Professor Iain Stewart – from salt flats to savannah:
It’s one of the most truly extraordinary landscapes on Earth. The Salar De Uyni. The biggest salt flat on the planet, stretching out across the Bolivian altiplano plateau, 3700 metres up in the Andes mountains of South America.
In winter, especially during the snowmelt of late March, water ponds on the Salar’s flat surface, turning the land into a vast natural mirror. But at this altitude, any runoff from the mountain is subject to the cyclical and seasonal evaporation, laying down layer after layer of salt brine.
A stunning white vista made all the more remarkable because this vast expanse of high plateau was originally part of a complex of great lakes at low altitudes, which gradually became uplifted over millions of years as the Andean mountains themselves began to rise.
The upheaval of the Andes has shaped South America’s natural history, not least by creating some of the world’s most rich, unique and biodiverse natural habitats. The continent is a true patchwork of ecological zones: from deserts, flooded plains and savannah, to lofty salt flats, cloud forest and mountain peaks. And at the continent’s heart, a vast rainforest that overflows with life: the Amazon.

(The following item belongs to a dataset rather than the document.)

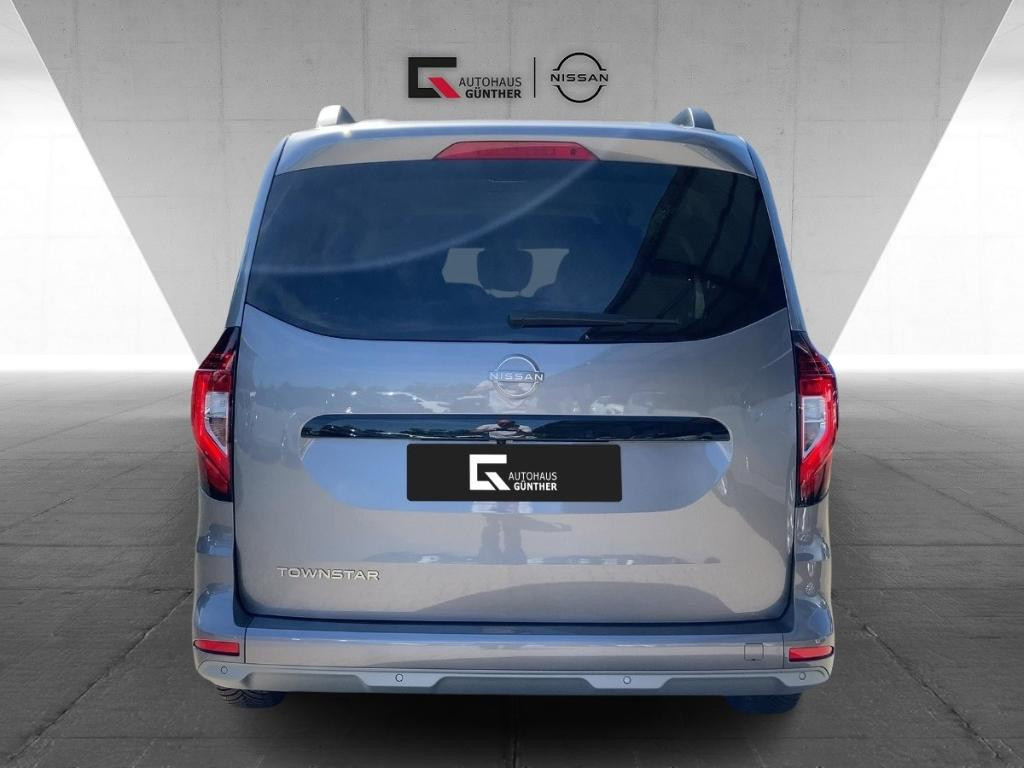 Nissan Townstar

That Amazon basin is itself a creation of the towering Andes. Before the Andes, the main rivers on the continent flowed in the opposite direction to today, westward into the Pacific ocean. When the mountain barrier started to rise it diverted rivers to the north, where they flowed out into the Caribbean, creating a huge expanse of wetlands close to the growing mountains.
Later, further uplift blocked the route north and forced the rivers to converge towards the Atlantic. From around 20 million years ago, the resulting wall of high mountains disrupted rain-bearing air masses. With the increased rainfall on its eastern flank, more and more sediment flowed off the Andes in new rivers that drained down into the Amazon basin. And with that flow came nutrients that enriched the Amazon forest and its flora.

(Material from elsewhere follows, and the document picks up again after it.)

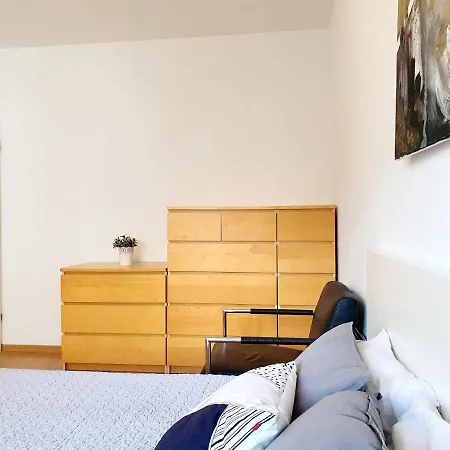 アパート Kaskada Apartament グディニャ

With the growing Andes on one hand and the flourishing Amazon on the other, South America saw the development of an astonishing diversity of life.
Many species are still only found on this continent. Species like the xenathrans – armadillos, anteaters, and sloths – found in diverse habitats across South America, not only in the rainforest but also in the savannah-like regions of southern Brazil and Argentina. Or the iconic llama, restricted to the steep Andean peaks and high salty plateau.